| EXERCISE AIM |
Copy nothing but the lines below, from the one with "画像: MORGANA KING" through the one with "Whisky Chivas Regal 18 años...", exactly as written; no pictures should appear.

| DATA SHOWN |
'''

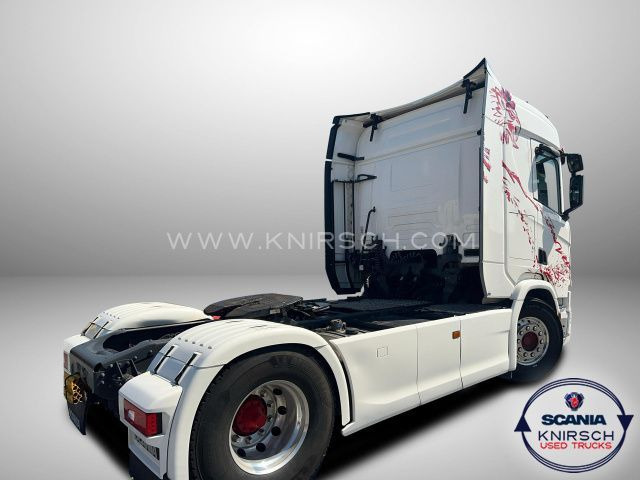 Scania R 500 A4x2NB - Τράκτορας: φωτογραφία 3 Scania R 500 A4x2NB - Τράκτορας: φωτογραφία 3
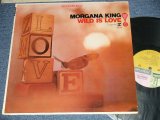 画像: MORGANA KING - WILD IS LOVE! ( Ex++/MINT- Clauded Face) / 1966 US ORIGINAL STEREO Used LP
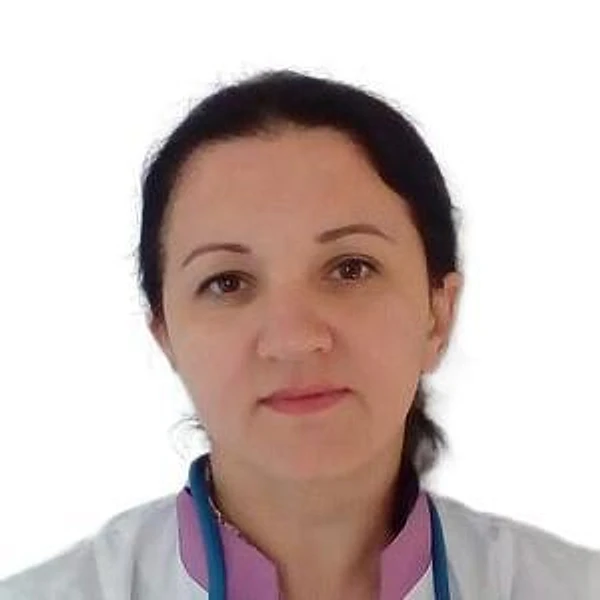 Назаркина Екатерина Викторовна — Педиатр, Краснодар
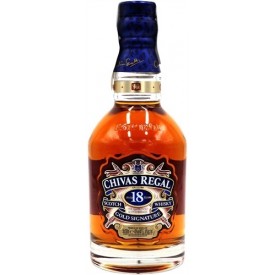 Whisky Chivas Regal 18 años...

'''
'''

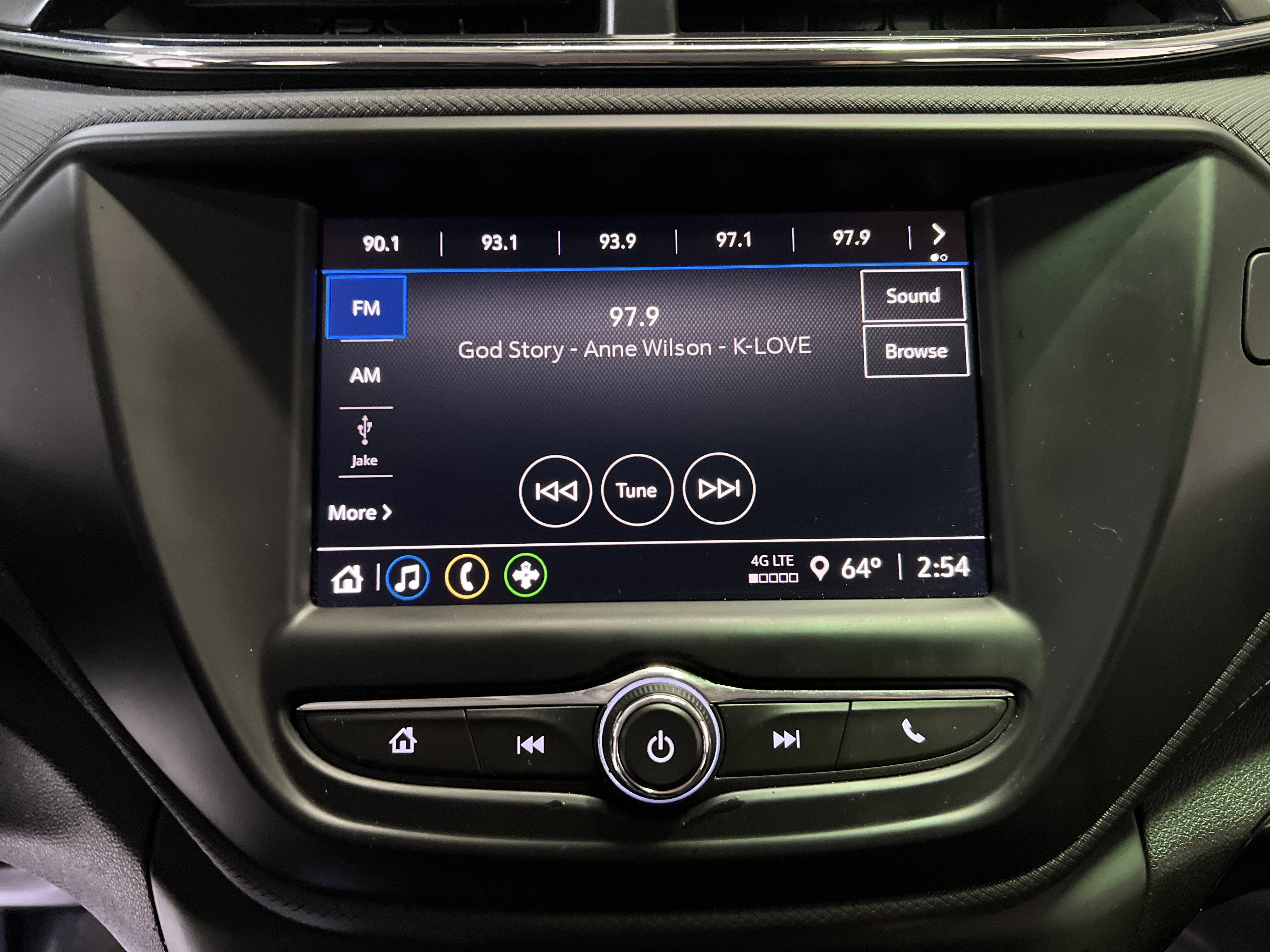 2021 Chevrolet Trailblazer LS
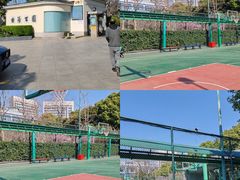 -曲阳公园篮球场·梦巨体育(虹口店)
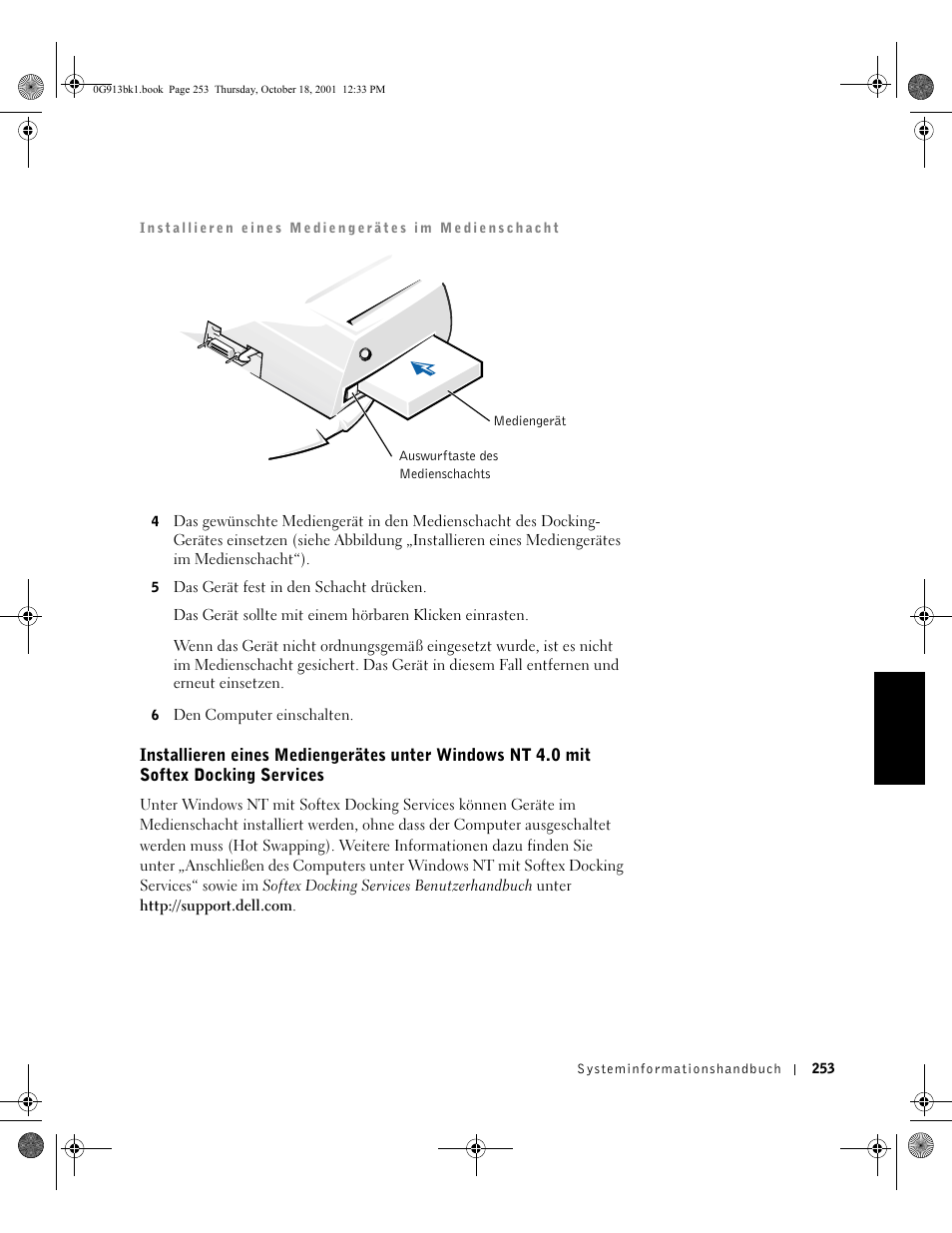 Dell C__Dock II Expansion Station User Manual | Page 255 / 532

'''
'''

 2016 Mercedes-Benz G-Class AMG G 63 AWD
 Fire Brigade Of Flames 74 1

'''

| RESPONSE AREA |
 画像: MORGANA KING - WILD IS LOVE! ( Ex++/MINT- Clauded Face) / 1966 US ORIGINAL STEREO Used LP
 Назаркина Екатерина Викторовна — Педиатр, Краснодар
 Whisky Chivas Regal 18 años...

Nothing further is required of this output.